In a recent study on ileostomy patients we found that after feeding 50-250 mg milk SM in a breakfast meal the overwhelming part had been digested and the cholesterol/SM ratios in the ileostomy content was high, although some increases in ileostomy output of SM species and ceramide were observed (L Ohlsson et al. submitted). The chosen dose of SL in this study (700 mg SM, 975 mg total, approx 1% of dietary lipids) is 2-3 times a normal Western dietary daily intake, which we believed large enough to test for possible effects. Considering the dose of plant sterols in margarines that is necessary to achieve decreases of total and LDL cholesterol, one may argue that the dose used here is not very high. Another factor is that SLs contain saturated fatty acids and the sphingoid bases are converted mainly to palmitic acid after absorption. They are thus a source of saturated fatty acids that raises LDL cholesterol although the quantity should not be sufficient to have significant influence in this study. Furthermore, both formulations contained a daily dose of 36 mg cholesterol which could be calculated to increase plasma cholesterol by 0,02-0,03 mmol/l [15].
Studies on apo BE receptor gene knockout mice, a model that is very sensitive to dietary cholesterol, suggested that SM-rich diet might raise plasma cholesterol levels and thereby enhance arteriosclerosis [16]. The finding in this study that LDL cholesterol exhibited some increase in the B but not in the A group indicate that these findings may not be relevant to healthy humans. Another important conclusion was that the formulations were both well tolerated and the only type of side effects reported were "Mild abdominal symptoms", which were reported by four persons in group A and one in B. We cannot exclude that the composition of formulation A may have contributed to this symptom, but the relation is uncertain since non specific symptoms like this can be caused by lactose even in individuals with normal lactase levels.
There is rather strong evidence that consumption of milk counteract colon cancer [17]. This effect may in part be ascribed to the calcium and vitamin D content [18]. Since several animal studies have found antitumor effects in the gut with SM or combinations of SL that occur in milk [19–21], there is reason to explore butter milk based formulations high in both calcium, vitamin D and polar lipids for anticarcinogenic and anti-inflammatory effects in human gut.

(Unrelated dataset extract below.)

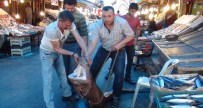 BALIK PAZARI - Balıkçıların ağına köpek balığı takıldı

Polar milk lipids also contain phosphatidylcholine, phosphatidyl serine and smaller amounts of other glycerolipids. Studies with high doses of soy phospholipids have shown an LDL lowering effect, which may be due to high content of linoleic acid [22]. A minor raise in HDL2 by a high dose (15 g/day) of soy phospholipids was observed [23]. Consequently we do not expect the milk glycerophospholipids to exert any significant effect on the results in this study. However, a study by Sjogren et al [24]showed that milk consumption is associated with a more favourable size of the LDL particles. Further studies of SL enriched milk polar lipids on HDL and LDL composition may thus be motivated.